He grins. ‘And that’s only the first one. We have like twenty more. I don’t think I’ve ever been this happy in my life.’

I smile at his grin, wide and unguarded as he roots around in the basket for another piece of cake. I’m sure we were meant to eat the sandwiches first, but his enthusiasm for cake is catching.

‘Eating cake with you on the seafront is becoming a bit of a habit lately,’ I say as I bite into another piece, watching Ro as he tries to be more refined this time and breaks pieces off the cake and puts them into his mouth.

‘Well, I like cake, I like seafronts, and I like you, so why not?’ he says with a shrug.

I go hot all over and I’m really glad I’m already sitting down. ‘I thought you thought I was a crazed wedding-obsessed… whatever the equivalent to a bridezilla is when someone isn’t actually a bride?’

He laughs. ‘Life would be boring if we all liked the same things. I don’t believe in love, I definitely don’t believe in the church of no-divorces, and I hate weddings, but good for you if they make you happy. We can like different things and have different opinions and still be friends, can’t we?’

‘Of course,’ I say, still surprised by how openly he gives compliments. It’s kind of refreshing to meet someone who is so straightforward, especially when he’s so guarded about everything else.

‘So what is it with you and wedding dresses then?’ Rohan asks, popping another square of cake into his mouth without even reading Carol’s handwritten label.

‘What do you mean?’

‘I don’t know, really. You have one as your Twitter icon and you seemed upset when you came out of the shop earlier… I just wondered if everything was okay?’

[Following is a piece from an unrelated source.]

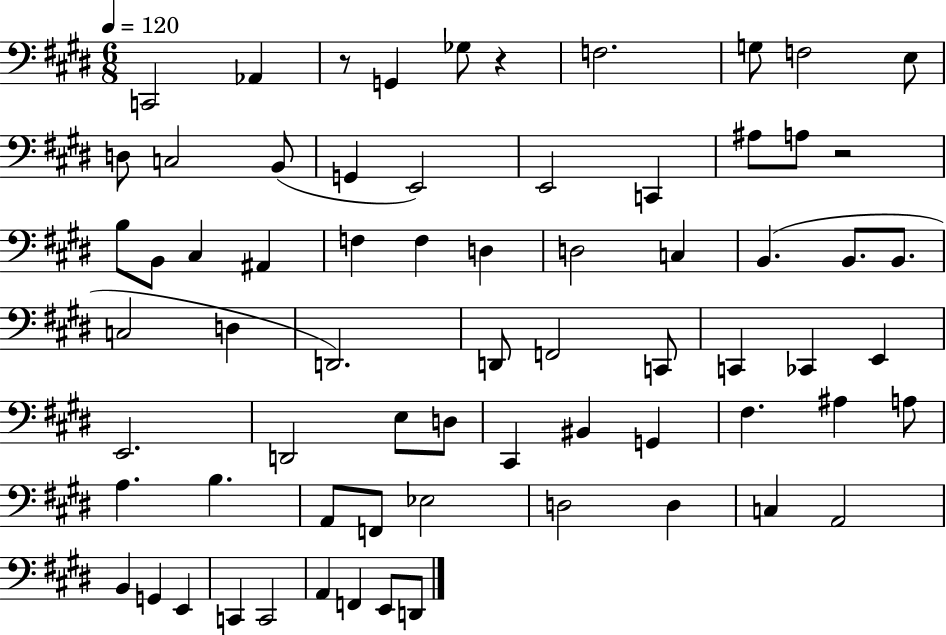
C2/h Ab2/q R/e G2/q Gb3/e R/q F3/h. G3/e F3/h E3/e D3/e C3/h B2/e G2/q E2/h E2/h C2/q A#3/e A3/e R/h B3/e B2/e C#3/q A#2/q F3/q F3/q D3/q D3/h C3/q B2/q. B2/e. B2/e. C3/h D3/q D2/h. D2/e F2/h C2/e C2/q CES2/q E2/q E2/h. D2/h E3/e D3/e C#2/q BIS2/q G2/q F#3/q. A#3/q A3/e A3/q. B3/q. A2/e F2/e Eb3/h D3/h D3/q C3/q A2/h B2/q G2/q E2/q C2/q C2/h A2/q F2/q E2/e D2/e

‘Yeah,’ I say, taken aback that he noticed I was upset earlier. I thought I’d hidden it well enough.

‘Were the dresses in there that ugly?’

I laugh. ‘No. They were beautiful. Well, most of them. There were some that must’ve taken their inspiration from a toddler’s dressing up box, but still. No, it just… reminds me of how unmarried I am, I guess.’

‘Being unmarried should be something to celebrate, not be sad about.’

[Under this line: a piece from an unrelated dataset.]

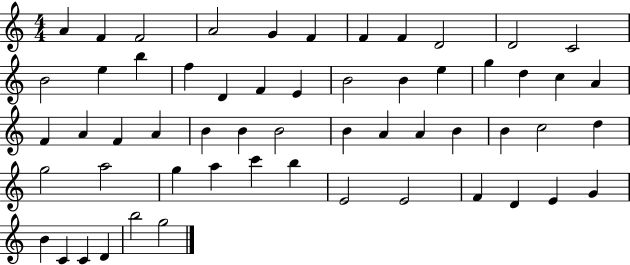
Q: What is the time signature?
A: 4/4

‘Trust you to say that,’ I mutter. ‘And it’s not something to celebrate when every single one of your friends is married with babies and their own house.’

‘Well done to you for not following the herd.’

‘I’m nearly thirty-five, Ro. People who are five, ten, fifteen years younger than me are getting married and having children. I don’t even have a potted plant.’

‘Is that why you use a wedding dress as your Twitter icon?’

‘No,’ I say, surprised that he’s interested enough to ask and even more surprised that I don’t mind telling him. ‘It’s kind of mine. It’s in a bridal shop in London. They’re keeping it for me and letting me pay it off bit by bit.’

His head is cocked to the side as he looks at me. ‘Call this a silly question, but isn’t a wedding dress a bit pointless without a groom?’

‘Yeah. It’s so stupid, I know, but this dress… I fell in love with it as much as it’s possible to fall in love with an inanimate object. It was the most beautiful dress I’d ever seen, and I’ve seen a lot of wedding dresses over the years, but this one… My favourite film has always been Disney’s Beauty and the Beast, and it’s an exact replica of the yellow Belle dress, but in ivory. I didn’t even mean to buy it. I walked past and took a picture because I liked it so much, and I actually walked away and then turned back and went in, like a magnet was pulling me back, and I somehow ended up trying it on, and it was the perfect fit, it wouldn’t even need any alterations, and I just thought it was meant to be. It made me feel like I was in a fairy tale. Like somehow everything would work out if I bought this dress…’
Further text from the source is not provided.